Accessory Fees and Ultrasounds : The FMSQ Announces Agreement in Principle

Speech given by Dr Diane Francœur, President of the Fédération des médecins spécialistes du Québec, at a conference called to update the press on ongoing negotiations regarding the issues of abolishing accessory fees and the public coverage of ultrasounds.

When we were in the process of inviting you to this press conference, we prepared two texts as we didn't know which one we would be presenting. In the meantime, we maintained our positions which we believed to be fair. We refused what we considered unacceptable requests, even abusive demands, by the Minister of Health, that were communicated to us last evening and again this morning, when we were close to agreement.

I wish to announce that, barely a few minutes ago at the end of an accelerated round of negotiations with representatives of the Ministère de la Santé et des Services sociaux, we concluded two agreements in principle, one dealing with the abolition of accessory fees associated with the provision of insured services and the other on the public coverage of ultrasounds in external radiology clinics. For the Federation, these two issues were linked and we insisted they be treated and settled together. In both cases, access to specialized care was at the centre of the stakes for the public.

We insisted on a serious and frank negotiation; these agreements are the results of our efforts. We worked conscientiously as we took into account the range of treatments and services that are offered to patients by the various medical specialties. This was not simple… not at all ! Our Federation represents 59 different specialties under the umbrella of 35 medical associations.

In broad strokes, here is the summary of what will be included in the agreements in principle that remain to be validated by our Federation's decision-making entities. To start with, I wish to apologize to my colleagues, who are Presidents of these associations and who are being informed of these agreements at the same time as you are.

The FMSQ has always said it would do its part and we have kept our word. We will be attributing an amount of close to $45 million to cover both agreements.

In particular, insofar as new services are concerned :

  • We will create new billing codes for the small, medium and large instrument trays that will allow medical clinics to perform diagnostic and minor surgical acts, including the famous vasectomy.
  • We have also settled in large part the issue of procedures in physiatry as an additional room will be added at the CHUM and technical platforms will now be available in physiatrist offices to facilitate the most frequent procedures.
  • We have asked the Association des médecins ophtalmologistes du Québec to revise its rates and to include drops and instrument trays to allow them also to perform diagnostic and therapeutic procedures.

As for the issue of ultrasounds, the Association des radiologistes du Québec will need to present the details of the agreement in principle and hope its general assembly will confirm the proposal.

There will still be a lot of confusion in the network as much for patients as for physicians. We will send the details of the agreements and the information needed by physicians to clarify expectations on both sides as soon as the final agreements are signed.

It is very important for the population to be informed that these agreements will not settle all the problems of accessory fees. We managed to salvage something in the short delay granted in order to reduce cuts in services to patients.

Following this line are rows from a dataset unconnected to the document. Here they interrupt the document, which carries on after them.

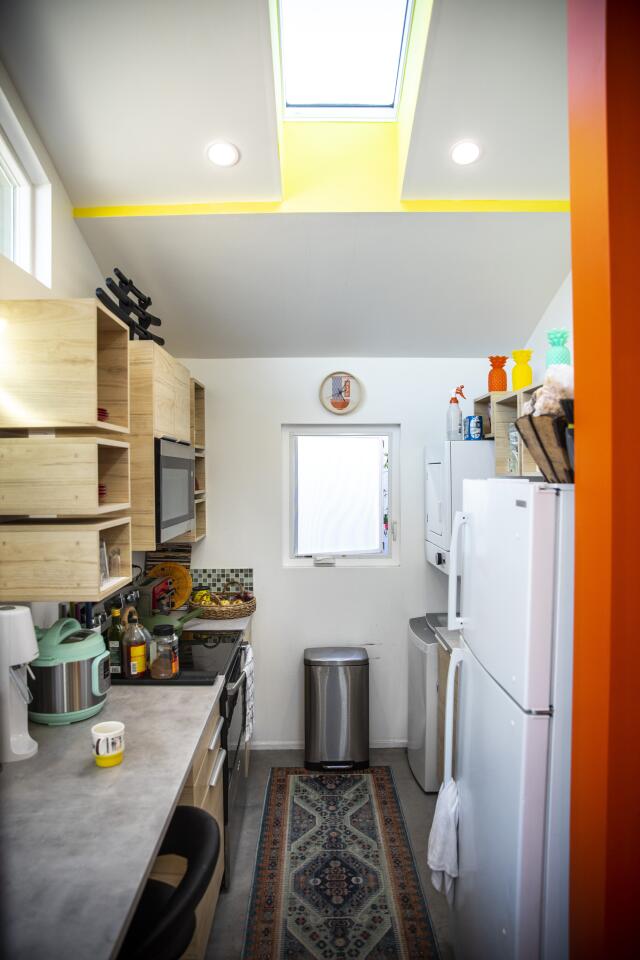 A narrow kitchen has modular storage on the walls and a counter with seating.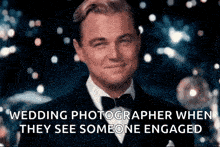 a man in a tuxedo and bow tie is smiling while a wedding photographer when they see someone engaged .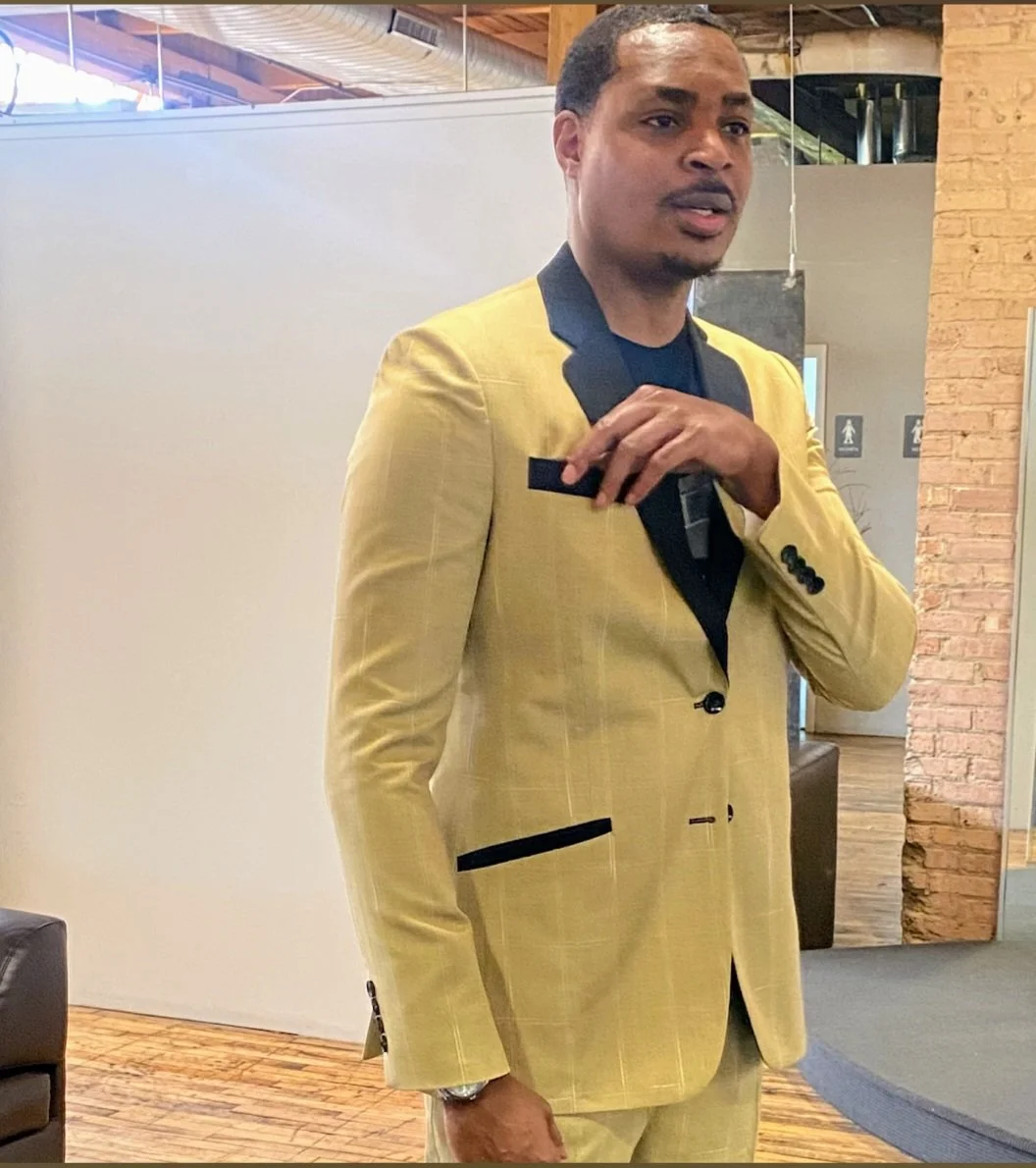 A man wearing a yellow suit with black accents is taking a mirror selfie in a modern interior space with wooden and brick elements.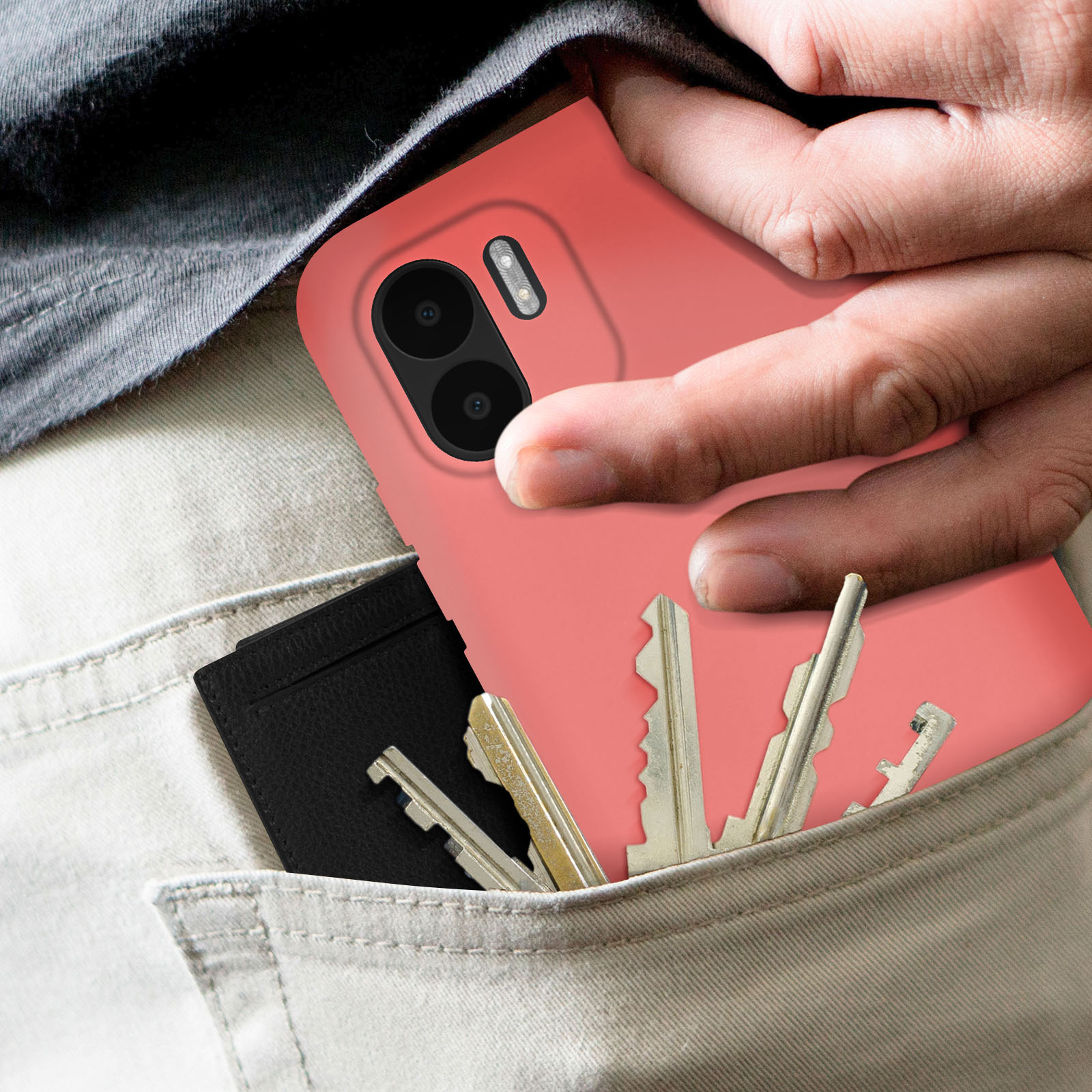 Een hand houdt een koraalroze telefoon met een zwart hoesje vast. Sleutels en een kaart in een zak.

Once again, I repeat that even if we are satisfied with these two agreements in principle, they do not solve all the problems resulting from the two regulations imposed by Minister Barrette. There is still a lot of confusion in the field, because the distinction between what is allowed and what is forbidden is far from clear. We continue to deplore this state of affairs for patients who are the ones directly affected and for physicians and other healthcare professionals who have to go through an Nth reorganization.

Our aim has always been to maintain access in outside clinics because they are an essential component of the public healthcare system. Obviously, there is still work to be done to tie up the last details of these agreements in principle. It's said "the devil is in the details" and we are going to make sure nothing is left to chance.

The Federation will also continue to concentrate its efforts on the other issues that concern us because of their impact on patients and on the practice of specialized medicine. You can rest assured we will not be taking it easy.